How Purdue professors are turning Parkinson's therapy into a game: BTN LiveBIG

How Purdue professors are turning Parkinson's therapy into a game: BTN LiveBIG

Think of all the tings you do simultaneously: walking and talking, listening with intent while taking notes in class, typing a text on your phone while navigating through your house. You do things in tandem so often that it almost seems automatic.

But what if it wasn’t? What if one day you had to put every ounce of your concentration and mental energy into telling your legs to step in the correct order? What if you had to choose between speaking and moving your body?

For people suffering from Parkinson’s Disease, these are all too common dilemmas.

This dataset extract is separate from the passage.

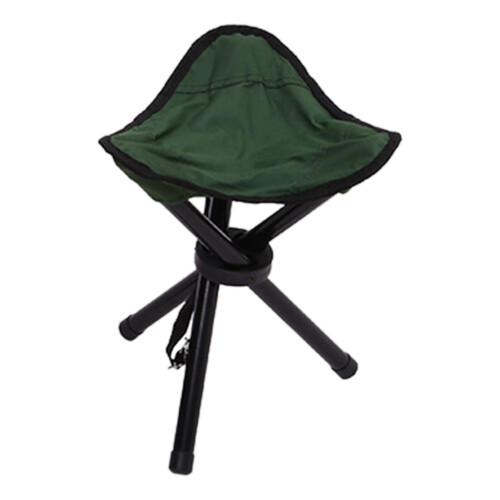 Portable Folding Stool Compact Triangular Camping Chair Lightweight Foldable Green Space-Saving Indoor And Outdoor Use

“One of the issues with Parkinson’s Disease is there’s different neural circuitry in our brain that is disrupted,” says Jeff Haddad, an associate professor of health and kinesiology at Purdue University. “We have circuitry in our brain that controls what we could call automatic behavior; stuff that you kind of do at a subconscious level, like walk. Then there’s a separate set of neural circuitry that will guide more goal-directed behavior, like reaching for something or taking notes.”

This specifically happened in the basal ganglia, a nuclei-dense region of the brain that acts like a traffic cop for our mental signals. With Parkinson’s, Haddad notes, those disruptions in the brain’s circuitry lead to competition among signals being sent from the brain. The most familiar Parkinson’s symptoms are a shuffling gait and tremors, but there are a host of non-motor affects, such as cognitive issues and problems with speech.

Typically therapies for Parkinson’s are separated into two categories: physical and cognitive/speech. Haddad and his colleague Jessica Huber, a professor of speech, language and hearing sciences at Purdue, wondered what would happen if they combined the two. Using platforms like the Nintendo Wii and the Microsoft Kinect, they created a suite of games that challenge patient’s cognition and motor skills concurrently.


For example, one game is similar to the popular handheld game of the seventies and eighties, Simon. On the screen are four quarter circles of different colors. The circles light up in a random sequence. The patient must memorize the sequence and then use their body to move a cursor over the correct quarter circles. The game activates memory function as well as core motor skills and balance all at once.

“Jeff and I were thinking that if you have trouble multitasking because you need to have more explicit control, it would make more sense to train these things together,” says Huber, noting that most slips and falls, in Parkinson’s patients and the general population, occur when a person is trying to do two things at once.

There are also numerous ancillary benefits to the program, Huber notes. By gamifying therapy sessions, the work becomes more fun for the patient, and can be a motivating factor for family and friends to join in. Also, as the games are available on connected platforms like the Wii, therapy can be moved into the home; therapists can monitor a patient’s progress remotely and new programs can be downloaded as progress is made.

“The goal is to make something that is fun, but at the same time challenging and therapeutic in way that will actually help the patient,” says Haddad. “We did a number of measures, like studying [participant’s] speech, gait, balance and even some psychosocial measures, like their quality of life. Our preliminary evidence suggests that the games do seem to be very helpful and do seem to be improving some of the symptoms.”

While Huber and Haddad are still refining their therapy programs with the help of students and faculty from the departments of computer science, kinesiology, and speech pathology, they note that they’d like to see the program evolve into an app that would be available for patients to download onto their mobile devices.

“Staying active is extremely important,” says Haddad. “Ultimately, we want to make something that works and something that is accessible for people.”